In the same way that Ken Russell’s documentary on Elgar became a classic of the genre, Tony Palmer has made something of a modern day speciality of films on composers. At the Haunted End of the Day, his acclaimed portrait of William Walton and latterly his poignant filmic essay on Malcolm Arnold - all the more relevant as news of Arnold’s death has reached me as I write this review - have both been much lauded; and rightly so.

Sadly by the time of Palmer’s Arnold tribute the composer’s health had deteriorated to the point that any active involvement by the composer had been rendered all but impossible.

John Adams on the other hand comes across as a very willing and lucid participant in this ninety-eight minute “intimate portrait” filmed over the course of a twelve month period in the composer’s busy schedule. Much of the music was specifically recorded for the film by the Netherlands Radio Philharmonic Orchestra and Edo de Waart, a long time close collaborator of the composer. There are also numerous further contributions from the likes of Emanuel Ax, Michael Collins, Ernst Kovacic and the London Sinfonietta.

Although not strictly chronological, chapters are neatly indexed with the titles of the works they refer to. Hence it is easy to navigate around the film in a logical manner, particularly if familiar with the titles of many of Adams’ best known works.

Despite the wide-ranging sources of inspiration on which Adams draws, his childhood in a small town in New England has ensured that his soundworld is inextricably linked to the American landscape. Utilising natural American imagery alongside music on film is nothing new, as those with a liking for Philip Glass will know. But on a smaller scale Palmer manages to weave a striking web of images: glowing New England autumnal scenes, raging white water rapids and strange desert rock formations sit alongside scenes from 1960s new age rock festivals, the latter as much a part of Adams’ musical make-up as anything drawn from the “classical” world.

A good number of the musicians featured add comment along the way. These include Edo de Waart, whilst rehearsal sequences feature Kent Nagano with the Hallé Orchestra in preparation for the premiere of Slonimsky’s Earbox at the Bridgewater Hall. There’s also an entertaining one-to-one with Emanuel Ax during early preparations for the premiere of Century Rolls.
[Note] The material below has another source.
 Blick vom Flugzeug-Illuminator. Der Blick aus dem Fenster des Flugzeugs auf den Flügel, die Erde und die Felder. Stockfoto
It is the operas Nixon in China and The Death of Klinghoffer that benefit from the most telling spoken contributions. This is largely thanks to stage director Peter Sellers and librettist Alice Goodman, both of whom provide informed and adroit accounts of the controversy that surrounded the early performances of both works. In The Death of Klinghoffer and its confrontation of the Arab-Israeli conflict in the form of Leon Klinghoffer’s involvement in a Palestinian hijacking of a pleasure cruise that finds resonances in the Middle Eastern issues that still dominate our news fifteen years on from the opera’s premiere. It was that 1991 premiere, set against the back drop of the Gulf War that leads Alice Goodman to comment “we had no idea how much trouble we were asking for”. Palmer captures the mood with footage of a packed press conference given in 1991 at which Sellers and the composer are seen being prodded by a large press contingent and defending the early performances in the context of the then prevailing situation in Iraq and Kuwait. It is difficult not to dwell on where Adams would turn if he were to return to the operatic genre in today’s ever more complex political climate.

Tony Palmer has once again produced a masterful film that is a model of its kind; an absorbing journey through the life and music of a composer whose work encapsulates American musical language like few others. If I have a gripe it is in the packaging of the DVD by Warner Music. A brief introduction on the rear of the box and no booklet is short thrift these days but don’t let it put you off. There is a great deal of enjoyment to be had for those with even the slightest interest in John Adams or American music generally.